No Dubai passei a fazer ressonâncias e tomografias a animais de rua! A prática clínica e rotinas hospitalares são também distintas em alguns aspetos, mas é algo inerente a todas estas diferentes realidades.
Cerca de 80% da população nos Emirados Árabes Unidos são expatriados, existindo uma enorme variedade de nacionalidades e, obviamente, há algum choque cultural; cada cliente tem um background muito distinto em vários aspetos e, por isso, o serviço ao cliente torna-se muito exigente e requer alguma adaptação da nossa parte.

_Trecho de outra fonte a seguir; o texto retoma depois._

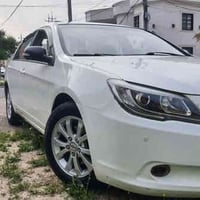 بي واي دي F7 • مكينة ٢٠٠٠ • رقم سليمانية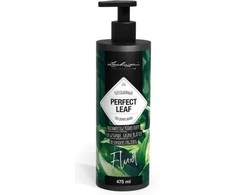 Skystos trąšos LECHUZA PERFECT LEAF Fluid, 475 ml 19606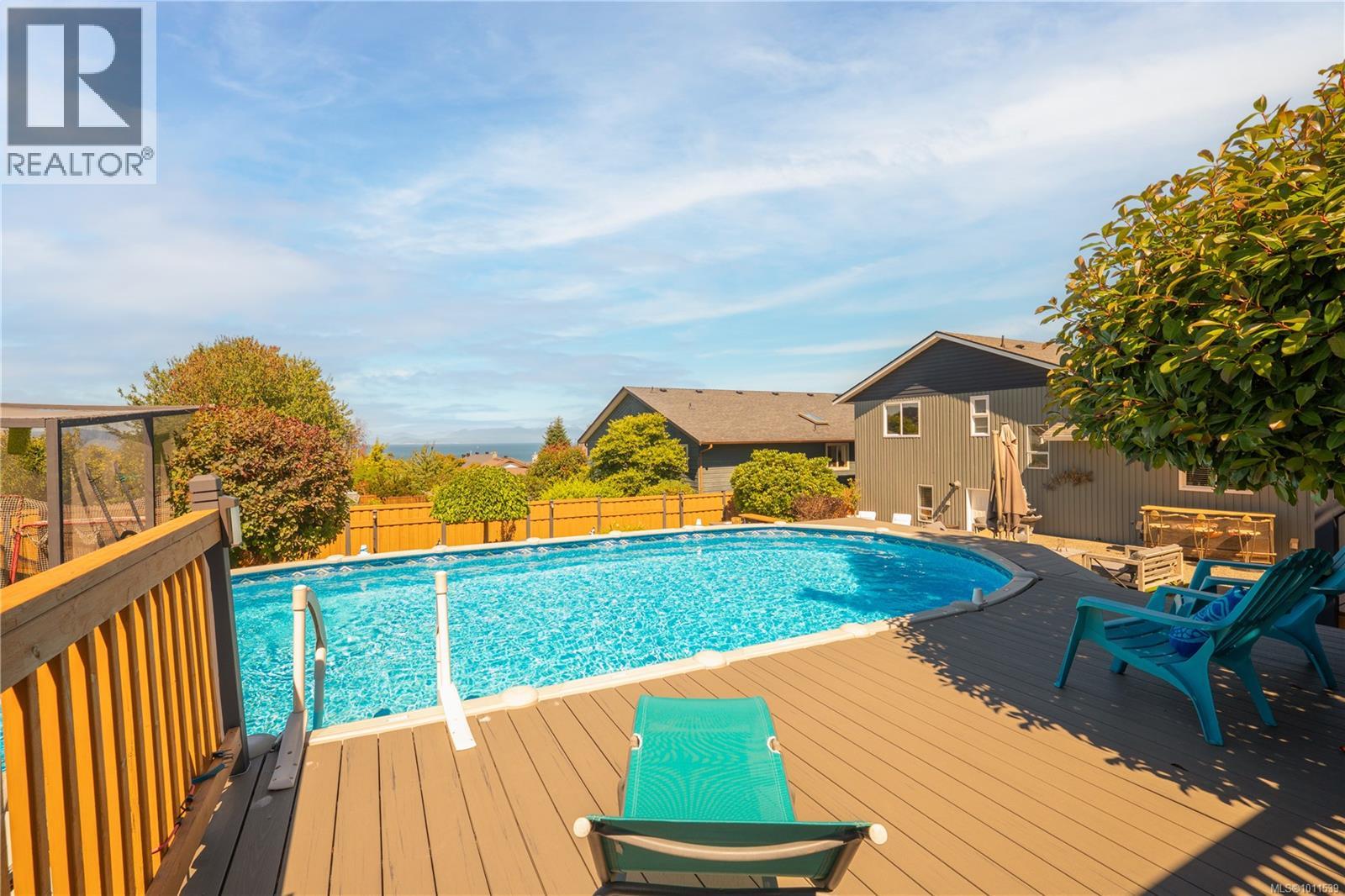 Photo 28 of 6295 Mcgirr Rd, Nanaimo BC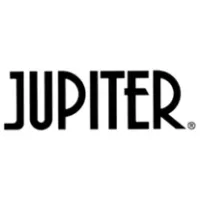 Люстры и светильники Jupiter Люстры и светильники Jupiter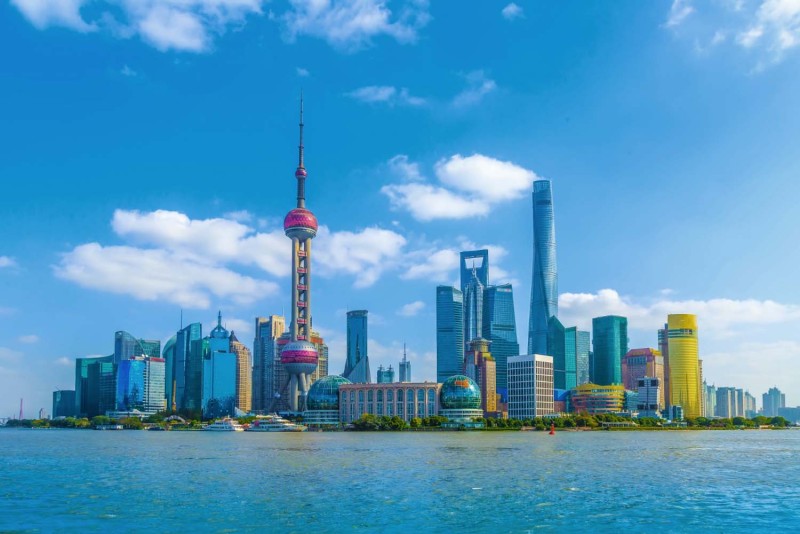 Цікаві факти про Токіо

O Dubai é uma cidade surpreendentemente agradável, cosmopolita, onde existe sempre algo a acontecer. Grande parte do ano o clima é muito agradável e podemos tirar partido das muitas praias, parques verdes, deserto e, claro, das inúmeras zonas comerciais. É extremamente seguro e talvez dos melhores locais do mundo para educar os filhos. Cultiva-se um ambiente de respeito e tolerância, sendo uma sociedade muito aberta e tranquila que vai contra a ideia por vezes enraizada sobre os países do Médio Oriente.
Quais os seus planos para o futuro?
Estou a caminhar para o quinto ano fora de Portugal e penso estar a chegar o momento de voltar.
Como vê o estado atual da medicina veterinária em Portugal e no mundo?
Tendo presenciado realidades tão distintas nos últimos anos, é com prazer que vejo a medicina veterinária a evoluir, obviamente que a diferentes níveis. O crescente respeito e cuidados pelos animais é algo que deve acompanhar a evolução humana e penso que como veterinários podemos ter um grande impacto na sociedade.
Em Portugal vive-se um momento um pouco contraditório em que parece haver dificuldades no recrutamento em determinadas áreas, mas com uma elevada taxa de alunos a formarem-se e a saírem para o estrangeiro. Isto diz algo sobre a forma como estamos a trabalhar: temos de valorizar o nosso tempo e o nosso trabalho. É um momento em que me parece que a união da classe é fundamental e que parece ser transversal a outras áreas de trabalho dos portugueses. Temos uma excelente formação, somos bem preparados, mas, por vezes, parece-me que queremos diagnosticar e tratar sem os custos a isso associados. Uma boa consulta, procedimentos de qualidade e bons meios de diagnósticos são efetivamente dispendiosos. Se queremos que o cliente compreenda e seja educado para aquilo que estamos a fazer, isso tem de começar connosco.